News from Hungary

PMO Head Gulyás: Communist rule ended in 1989, but communists and their crimes are still with us

Victims of communism are remembered each year on February 25. House Speaker László Kövér and Human Resources Minister Miklós Kásler laid wreaths of commemoration at the monument of national martyrs on Tuesday, marking the day of the victims. The event was organised jointly by the Parliament Office and the Rákóczi Association.

 

Speaking at another commemoration, Gergely Gulyás, the head of the Prime Minister’s Office, said that communist dictatorships had some 100 million victims worldwide. An estimated 700,000 Hungarians were deported to Soviet forced labour camps, where nearly half of them died. “There have been no statistics about the disabled, those with permanent physical or mental wounds,” he said.

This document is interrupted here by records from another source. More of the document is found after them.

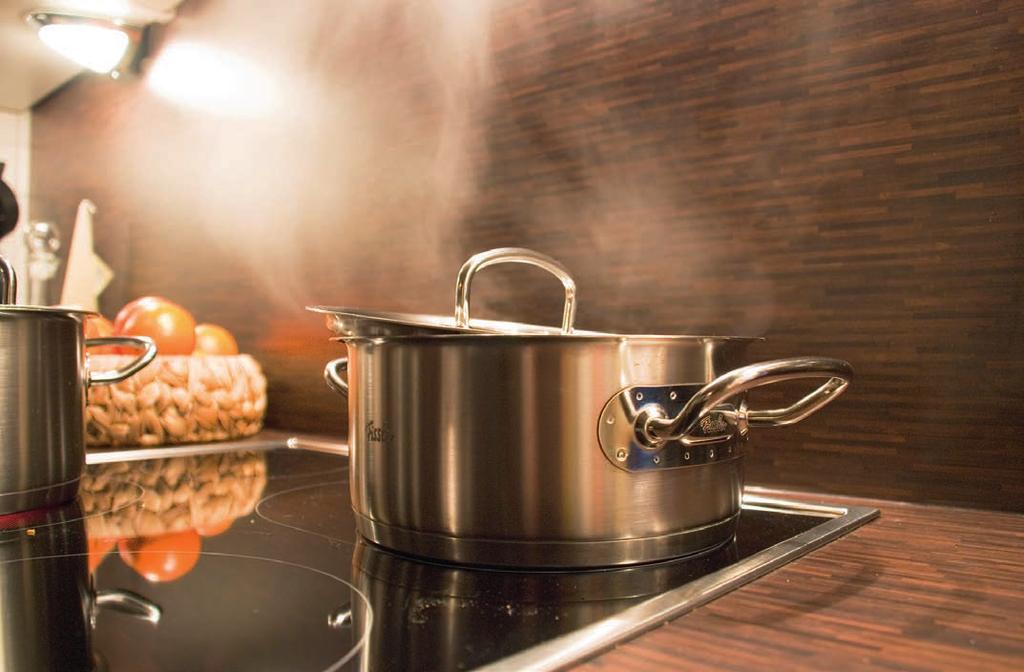 Dank seiner Stabilität und Oberflächeneigenschaften erfüllt GRAN- DEZZA Interior die höchsten Standards für die Gestaltung von Küchen.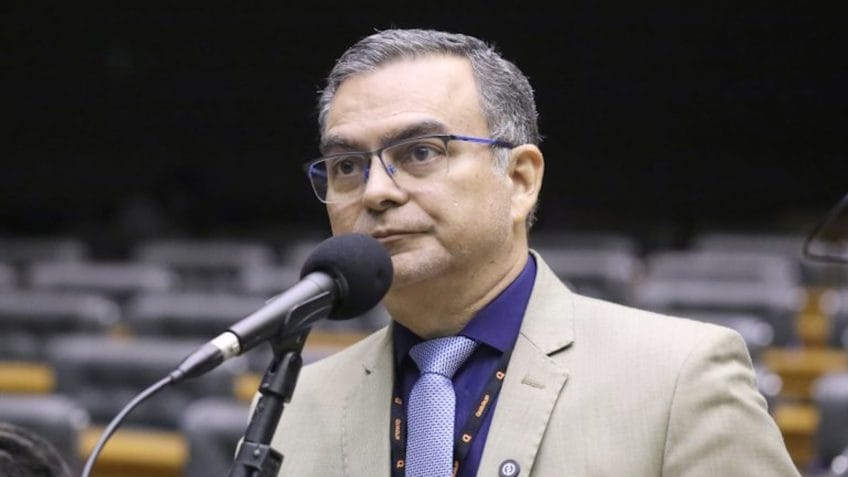 Comissão aprova PL contra erotização infantojuvenil em redes sociais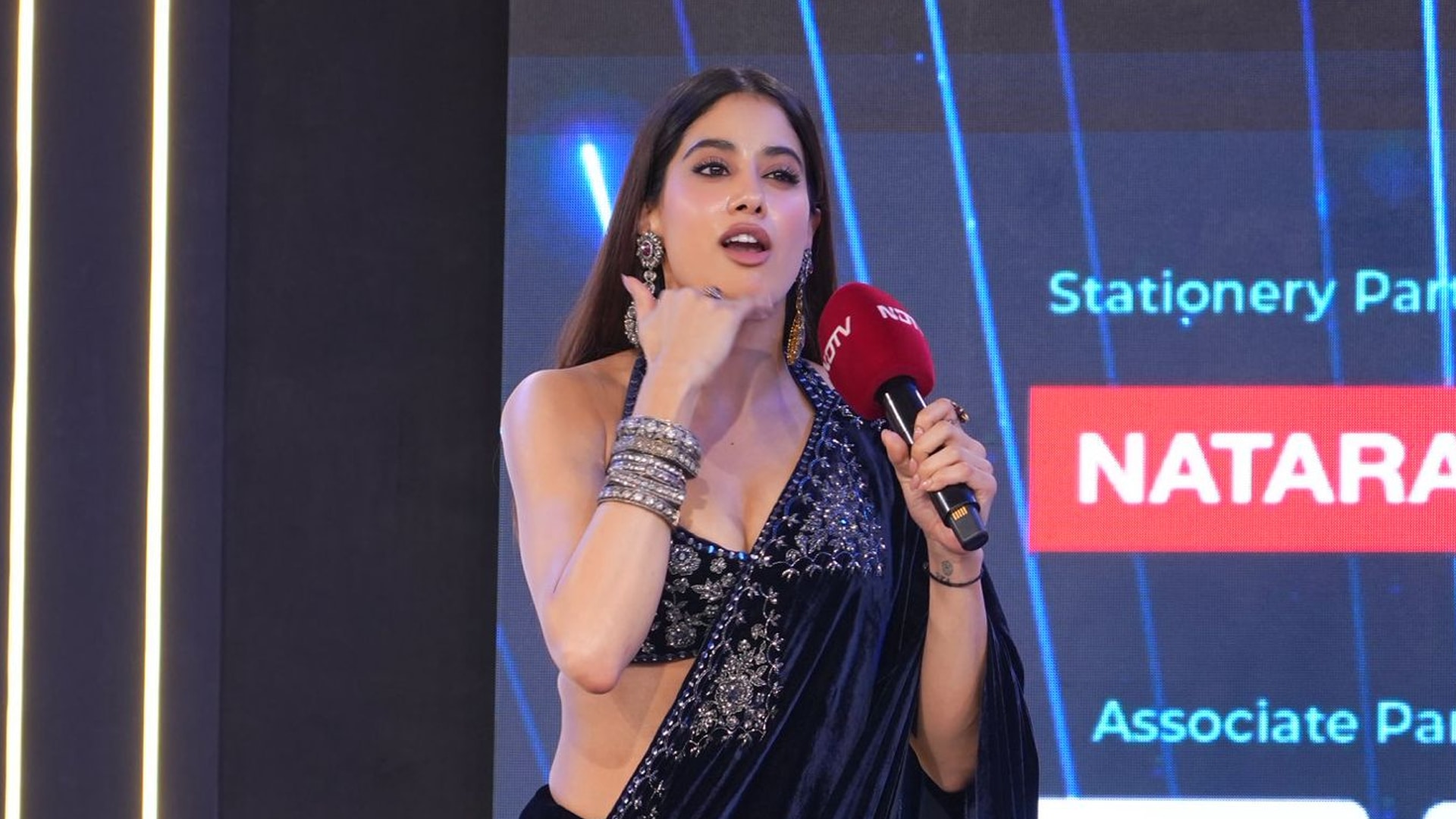 Janhvi Kapoor Mimics Chachu Anil Kapoor At NDTV Indian Of The Year 2025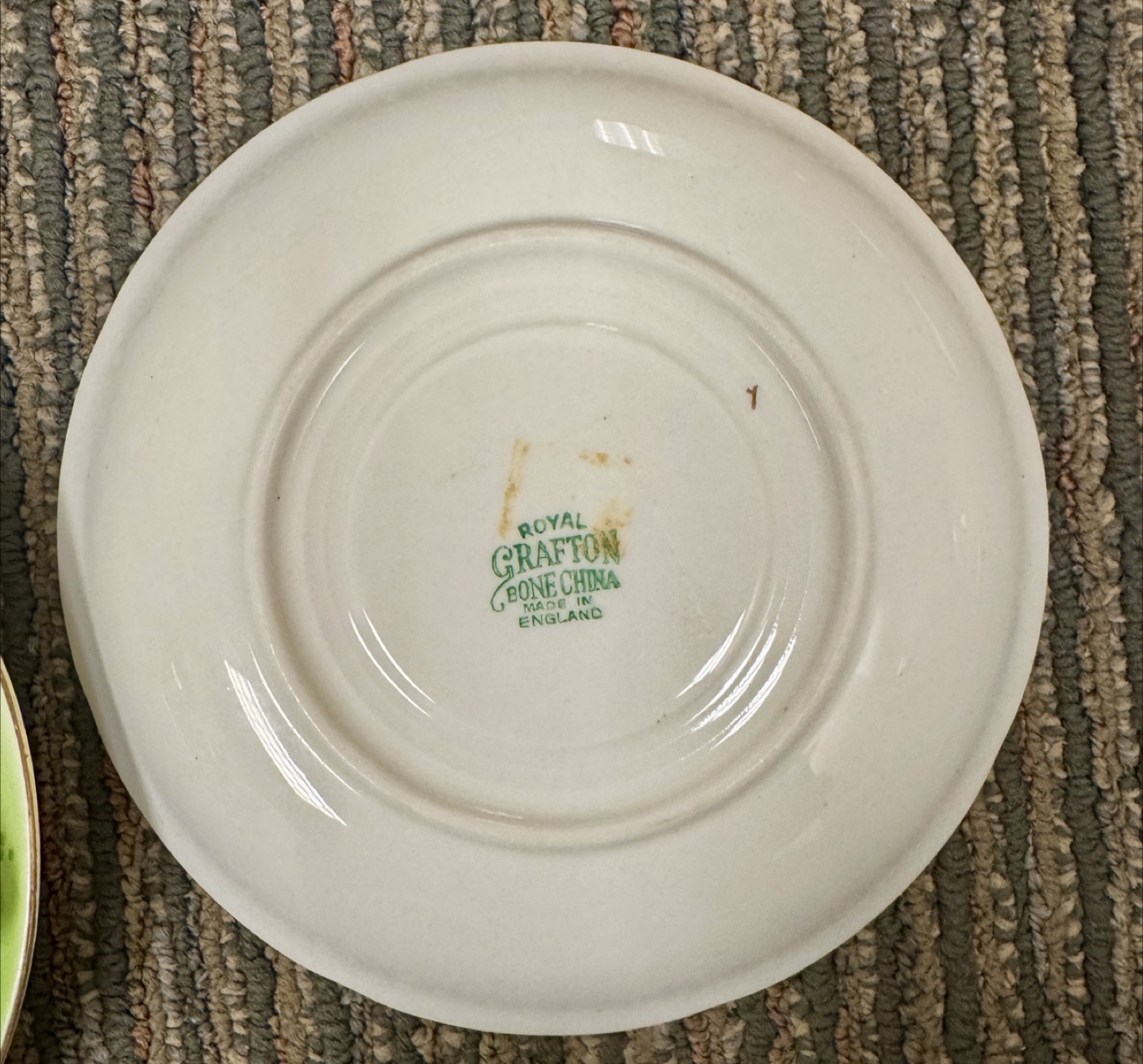 Royal Grafton & Atlas Bone China Tea Cups & Saucers - photo 5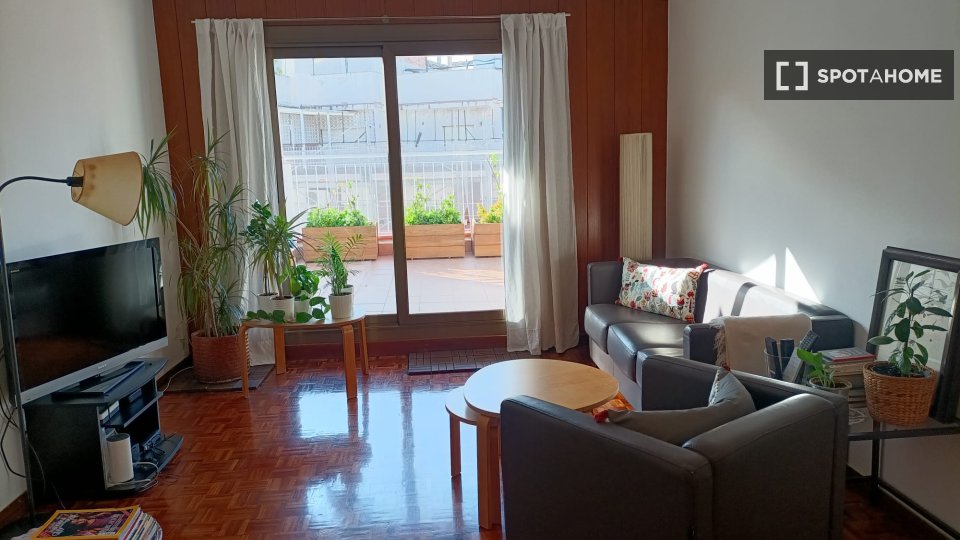 Double room Barcelona, 3 beds, 140m² — photo 4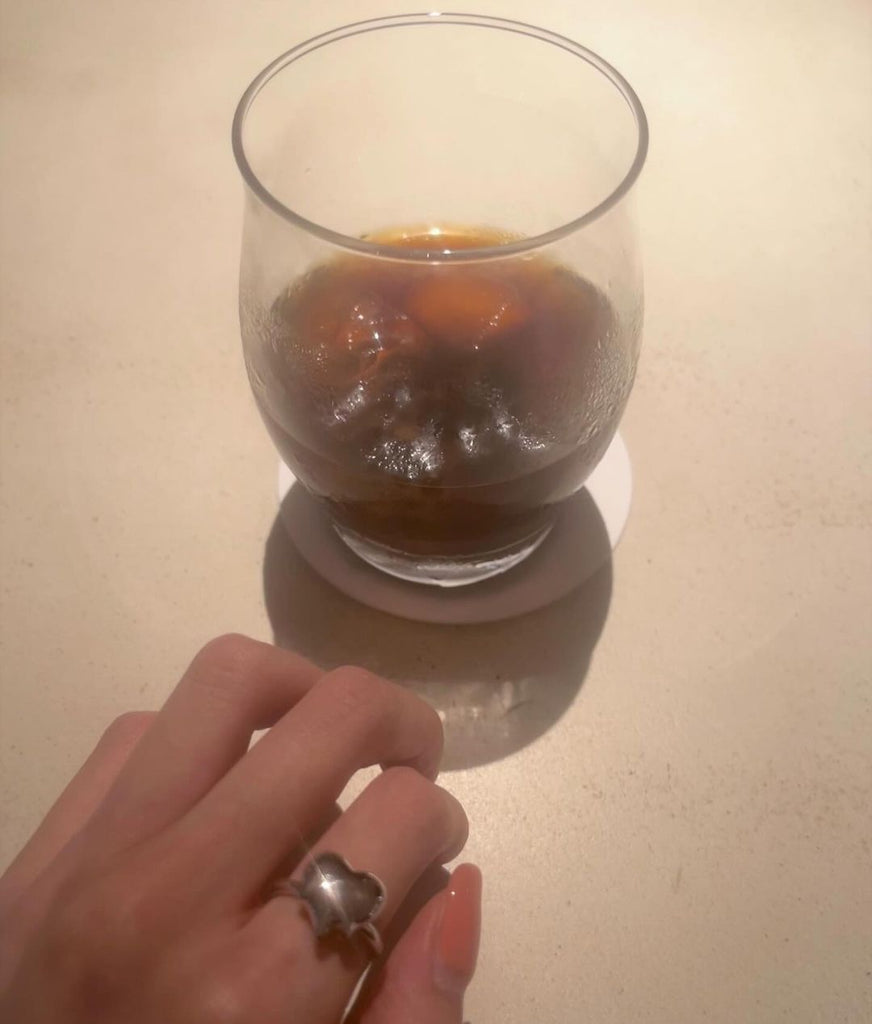 Drop heart pinky ring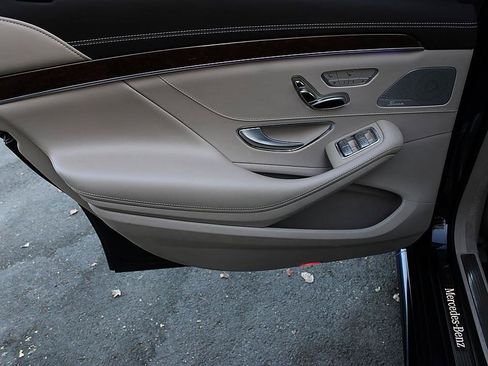 Used 2017 Mercedes-Benz S 550 Sedan image 10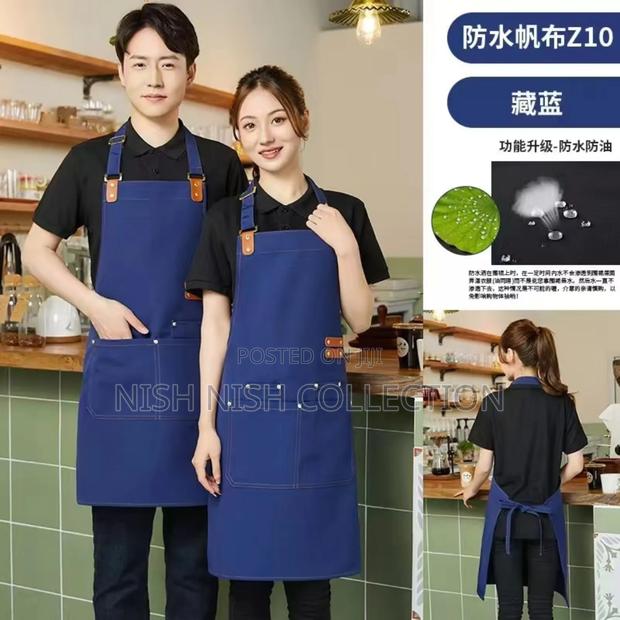 Premium Upscale Apron With Pockets and Leather Straps - thumbnail 6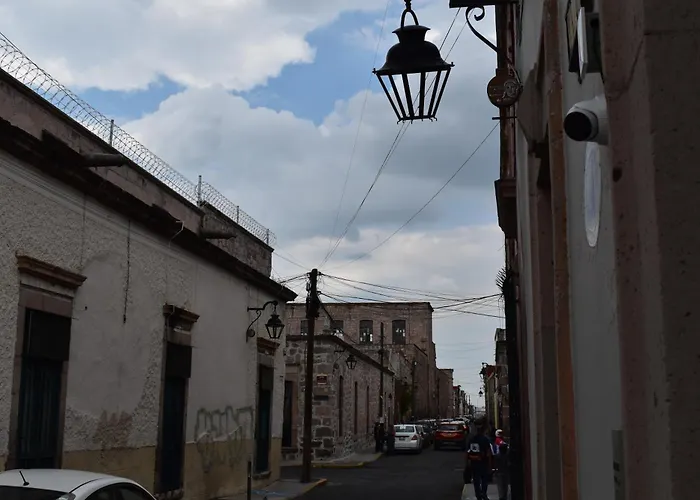 El Suburbio - Serapio Rendon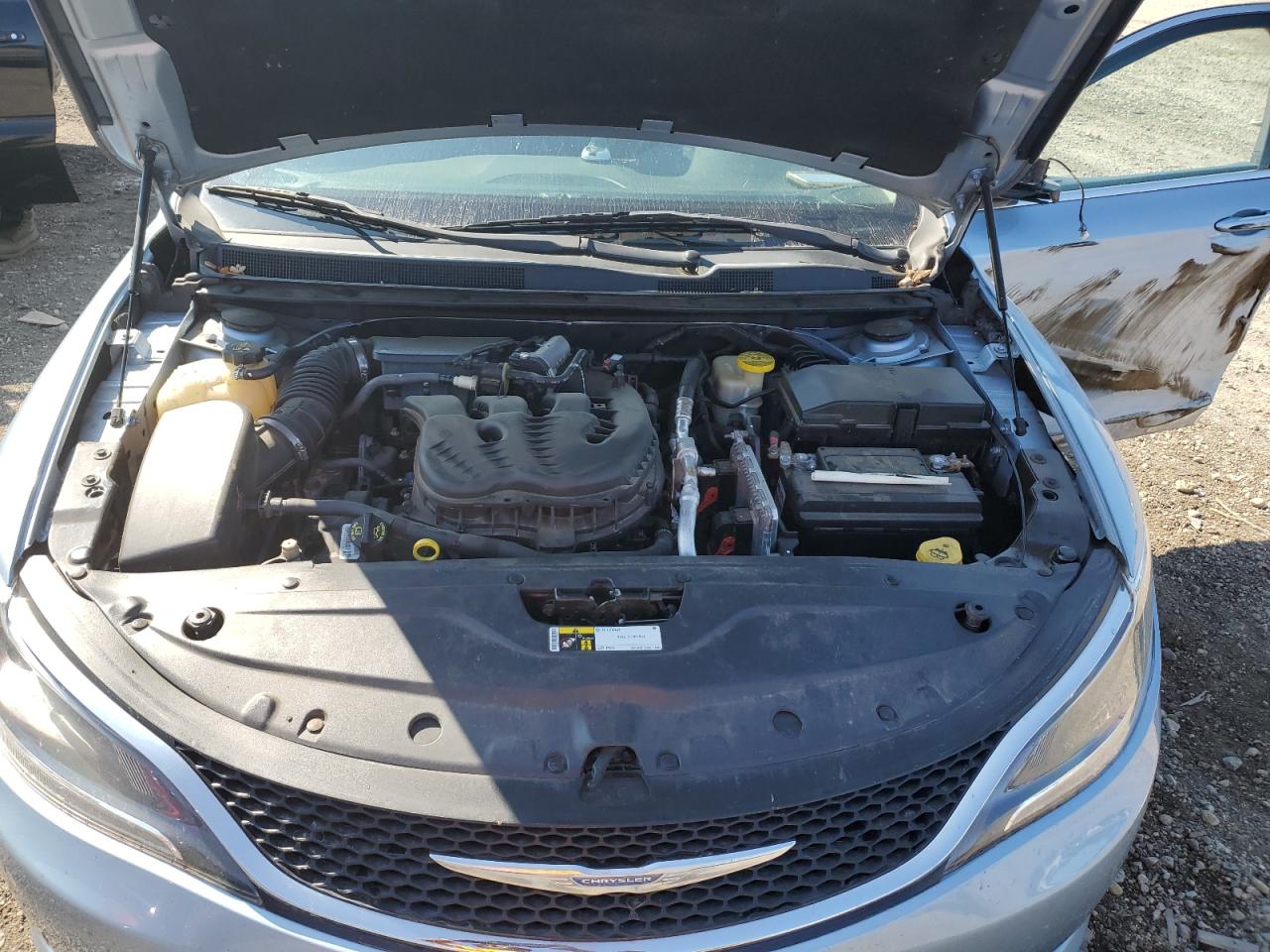 2015 Chrysler 200 Limited VIN: 1C3CCCAG2FN757838 Lot: 71669175
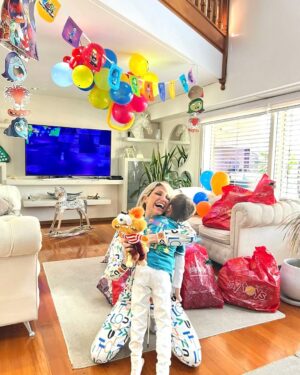 Victoria Xipolitakis Instagram - El mejor regalo para todos los niños es hacerlos felices,
¡FELIZ DÍA MI VIDA!, ❤️
¡FELIZ DÍA DE LA NIÑEZ PARA TODOS!
👦 👶💚💛🧡🩷🩵💙💜🤍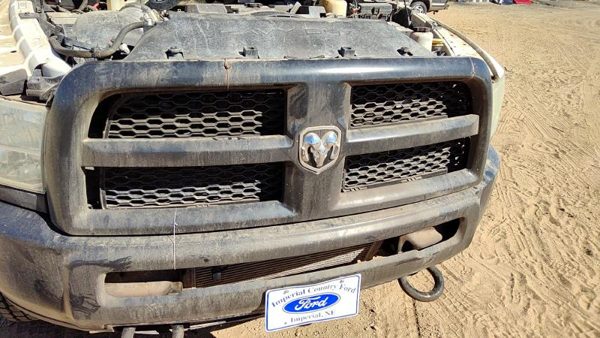 2016 Dodge Ram Grille 4500 Broke — photo 2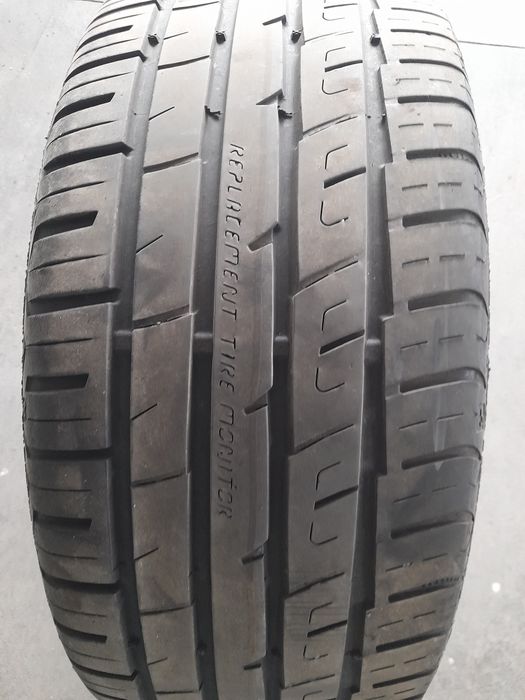 De vănzare un set de jante Aluminiu + Anvelope 225/45/R17 Dot / 202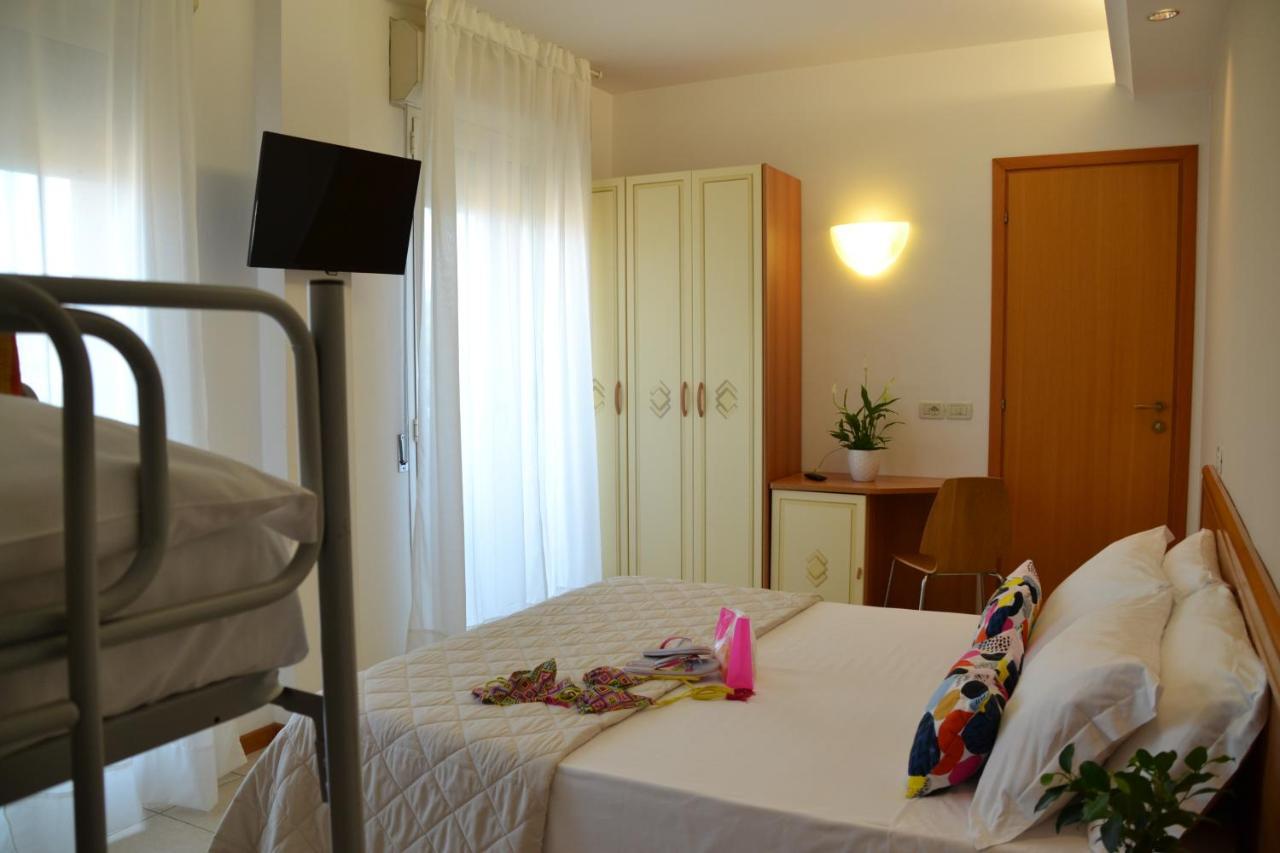 Hotel Apogeo - Breakfast Experience Rimini Esterno foto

Gulyás said the communist rule ended in Hungary in 1989, but insisted that “the communists and their crimes are still with us”.

He also criticised Budapest’s management over their support to an exhibition on the liberation of Budapest in 1945, which Gulyás said evoked memories of Hungary’s Soviet occupation and the death of thousands of Hungarians. “Those that seek to find excuses for the murderers… cannot be believed even if they talk of democracy,” he said.

Victims of communism are remembered each year on February 25, the anniversary of the arrest and deportation to the Soviet Union of “Independent Smallholder’s Party” politician Béla Kovács in 1947.